--- EXCERPTED DATA Enclosed Below ---

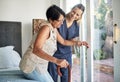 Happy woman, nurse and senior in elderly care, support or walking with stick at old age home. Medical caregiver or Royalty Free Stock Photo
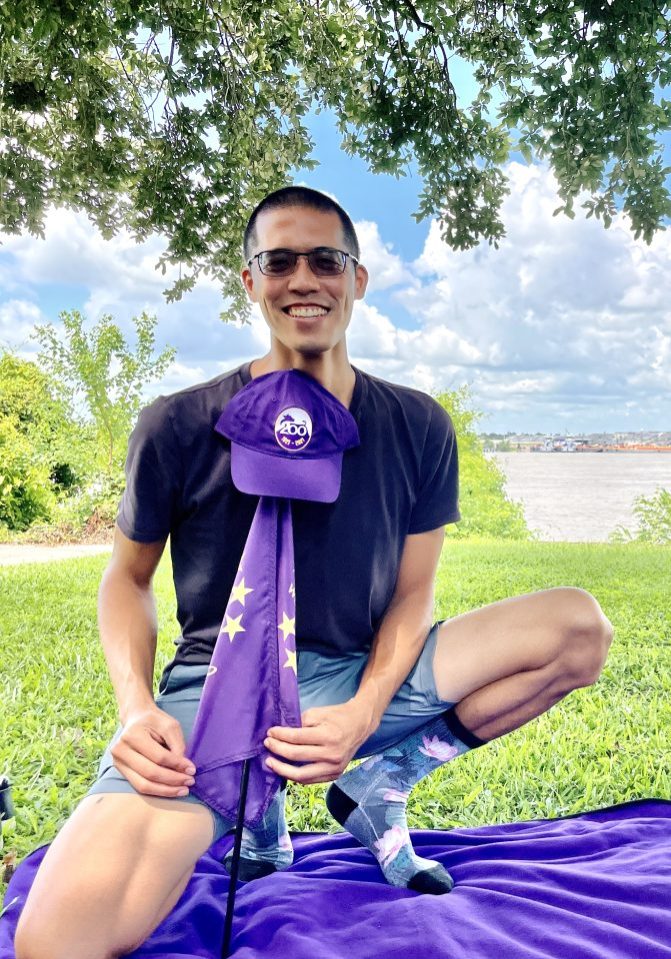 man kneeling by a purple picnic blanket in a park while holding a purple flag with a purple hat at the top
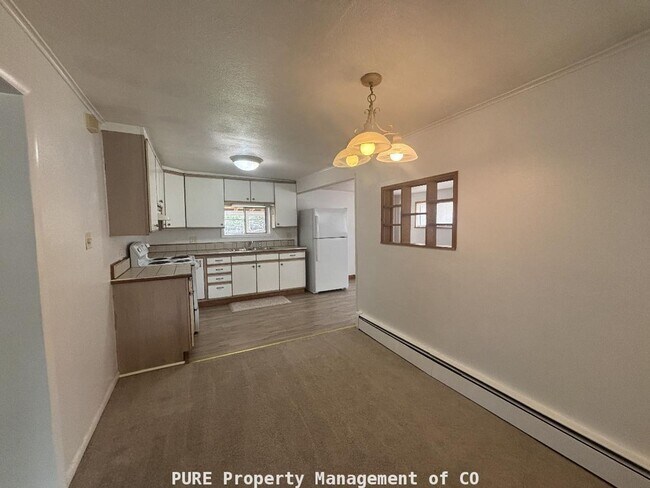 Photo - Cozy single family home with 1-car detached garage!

--- End of Enclosed EXCERPTED DATA ---
--- EXCERPTED DATA Enclosed Below ---

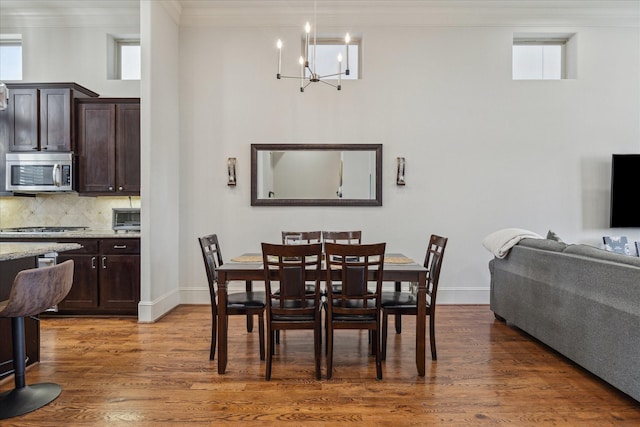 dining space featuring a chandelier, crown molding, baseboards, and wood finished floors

--- End of Enclosed EXCERPTED DATA ---

● DESCRIPTION OF THE TASK: In the listing above, find the line with "man kneeling by" and the line with "Photo - Cozy". Copy exactly those two and every line between, without the pictures.

● EXPECTED ANSWER:
 man kneeling by a purple picnic blanket in a park while holding a purple flag with a purple hat at the top
 Photo - Cozy single family home with 1-car detached garage!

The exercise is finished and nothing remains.